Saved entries
[Start of section]

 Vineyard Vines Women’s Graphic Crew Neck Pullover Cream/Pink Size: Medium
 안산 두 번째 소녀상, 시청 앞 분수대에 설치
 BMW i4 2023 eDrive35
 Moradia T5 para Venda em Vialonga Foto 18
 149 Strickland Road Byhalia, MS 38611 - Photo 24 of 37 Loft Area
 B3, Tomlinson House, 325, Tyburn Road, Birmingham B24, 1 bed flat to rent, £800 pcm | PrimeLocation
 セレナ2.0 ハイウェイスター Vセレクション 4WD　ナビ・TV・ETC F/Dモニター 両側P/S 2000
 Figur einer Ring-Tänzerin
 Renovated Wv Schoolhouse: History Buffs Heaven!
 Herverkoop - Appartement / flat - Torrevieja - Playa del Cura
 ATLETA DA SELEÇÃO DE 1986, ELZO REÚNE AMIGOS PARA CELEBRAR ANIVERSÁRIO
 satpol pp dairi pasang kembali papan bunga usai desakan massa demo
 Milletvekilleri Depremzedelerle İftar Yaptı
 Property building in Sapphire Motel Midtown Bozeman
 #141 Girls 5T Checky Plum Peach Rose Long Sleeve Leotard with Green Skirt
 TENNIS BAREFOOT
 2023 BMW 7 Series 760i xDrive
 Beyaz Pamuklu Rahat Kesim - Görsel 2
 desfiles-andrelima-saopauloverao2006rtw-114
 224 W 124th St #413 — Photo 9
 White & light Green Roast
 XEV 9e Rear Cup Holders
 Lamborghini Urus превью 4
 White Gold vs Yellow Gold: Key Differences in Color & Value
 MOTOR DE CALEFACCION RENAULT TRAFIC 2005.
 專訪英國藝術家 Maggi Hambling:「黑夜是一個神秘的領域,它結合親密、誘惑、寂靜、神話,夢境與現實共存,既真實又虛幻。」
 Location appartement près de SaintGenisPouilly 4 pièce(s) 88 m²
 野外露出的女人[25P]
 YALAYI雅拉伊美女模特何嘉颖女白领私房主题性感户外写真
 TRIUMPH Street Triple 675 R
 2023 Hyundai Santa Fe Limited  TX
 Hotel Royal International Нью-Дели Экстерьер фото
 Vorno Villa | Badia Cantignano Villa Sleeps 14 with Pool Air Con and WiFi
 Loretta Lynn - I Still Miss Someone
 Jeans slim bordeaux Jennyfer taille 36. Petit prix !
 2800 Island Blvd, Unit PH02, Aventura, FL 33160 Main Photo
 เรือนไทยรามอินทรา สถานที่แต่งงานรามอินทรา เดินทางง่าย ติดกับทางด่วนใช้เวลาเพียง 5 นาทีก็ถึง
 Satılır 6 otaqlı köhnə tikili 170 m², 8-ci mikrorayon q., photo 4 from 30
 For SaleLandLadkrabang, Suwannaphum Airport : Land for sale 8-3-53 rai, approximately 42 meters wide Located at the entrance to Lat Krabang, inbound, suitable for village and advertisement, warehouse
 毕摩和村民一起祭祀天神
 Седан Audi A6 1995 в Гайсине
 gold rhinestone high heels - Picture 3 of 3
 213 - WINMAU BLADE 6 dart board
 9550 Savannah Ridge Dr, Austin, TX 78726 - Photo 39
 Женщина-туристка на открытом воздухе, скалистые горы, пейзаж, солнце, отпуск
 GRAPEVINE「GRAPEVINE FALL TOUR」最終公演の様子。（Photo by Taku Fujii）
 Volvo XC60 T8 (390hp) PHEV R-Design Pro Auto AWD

[End of section]

_The problem_. Extract from the records above the lines from the one containing "Location appartement près" to the one containing "gold rhinestone high heels - Picture 3 of 3", both lines included, exactly as they appear and with nothing else.

_Task result_.
 Location appartement près de SaintGenisPouilly 4 pièce(s) 88 m²
 野外露出的女人[25P]
 YALAYI雅拉伊美女模特何嘉颖女白领私房主题性感户外写真
 TRIUMPH Street Triple 675 R
 2023 Hyundai Santa Fe Limited  TX
 Hotel Royal International Нью-Дели Экстерьер фото
 Vorno Villa | Badia Cantignano Villa Sleeps 14 with Pool Air Con and WiFi
 Loretta Lynn - I Still Miss Someone
 Jeans slim bordeaux Jennyfer taille 36. Petit prix !
 2800 Island Blvd, Unit PH02, Aventura, FL 33160 Main Photo
 เรือนไทยรามอินทรา สถานที่แต่งงานรามอินทรา เดินทางง่าย ติดกับทางด่วนใช้เวลาเพียง 5 นาทีก็ถึง
 Satılır 6 otaqlı köhnə tikili 170 m², 8-ci mikrorayon q., photo 4 from 30
 For SaleLandLadkrabang, Suwannaphum Airport : Land for sale 8-3-53 rai, approximately 42 meters wide Located at the entrance to Lat Krabang, inbound, suitable for village and advertisement, warehouse
 毕摩和村民一起祭祀天神
 Седан Audi A6 1995 в Гайсине
 gold rhinestone high heels - Picture 3 of 3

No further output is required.